» About this task: Transcribe the whole listing exactly, but do not carry over its pictures.

» Raw data:
━━━━━━━━━━━━━━━━━━━━━━━━━━━━━━
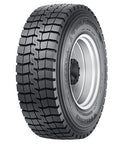 12.00/R/24 TRIANGLE TR690 20PR 160/157K SET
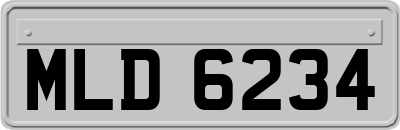 MLD6234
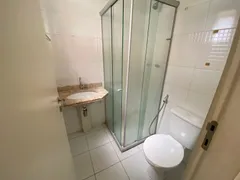 Apartamento com 3 Quartos à venda, 67m² no Pitimbu, Natal - Foto 27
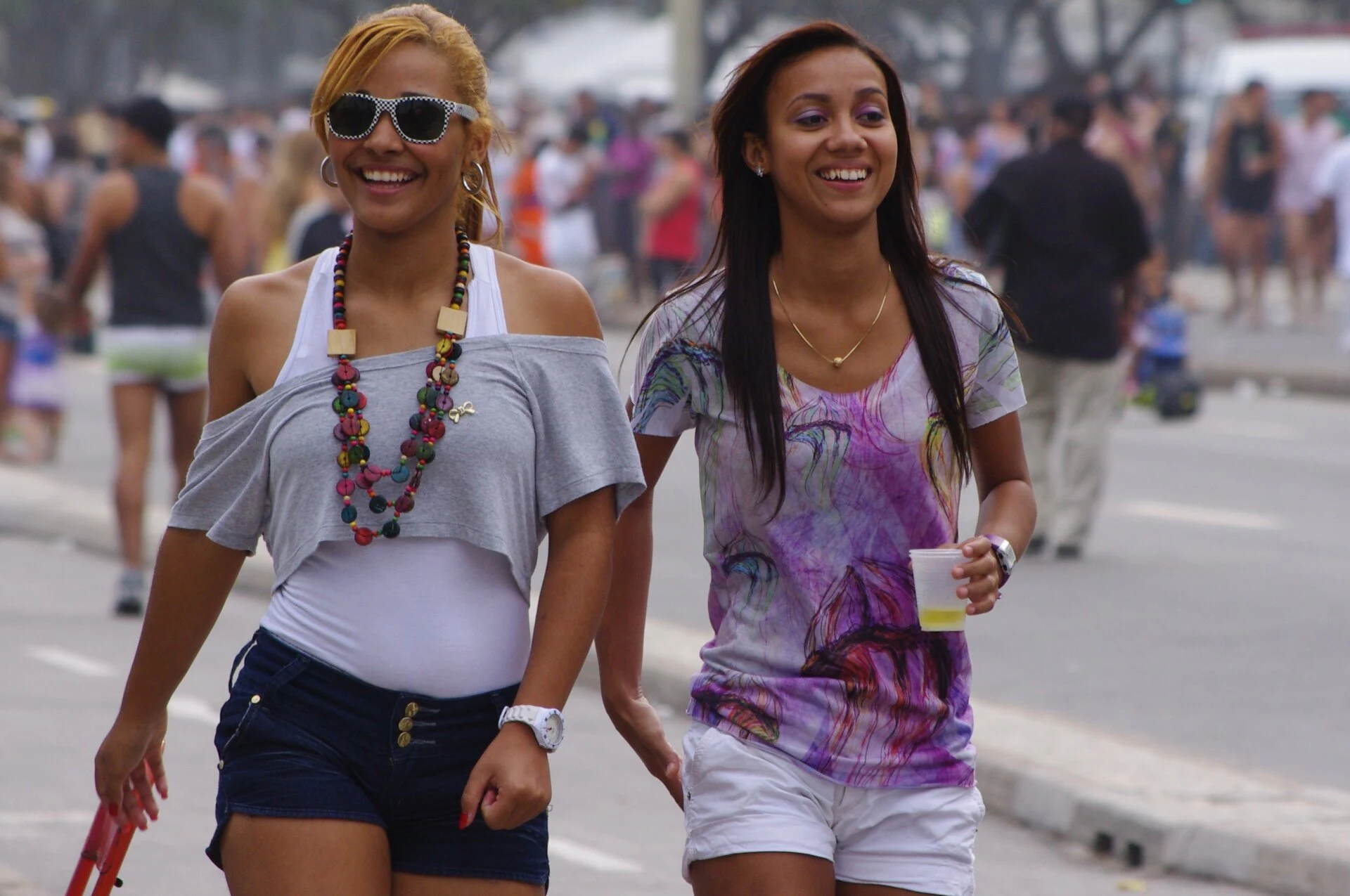 Gay Pride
━━━━━━━━━━━━━━━━━━━━━━━━━━━━━━
» Exercise output:
 12.00/R/24 TRIANGLE TR690 20PR 160/157K SET
 MLD6234
 Apartamento com 3 Quartos à venda, 67m² no Pitimbu, Natal - Foto 27
 Gay Pride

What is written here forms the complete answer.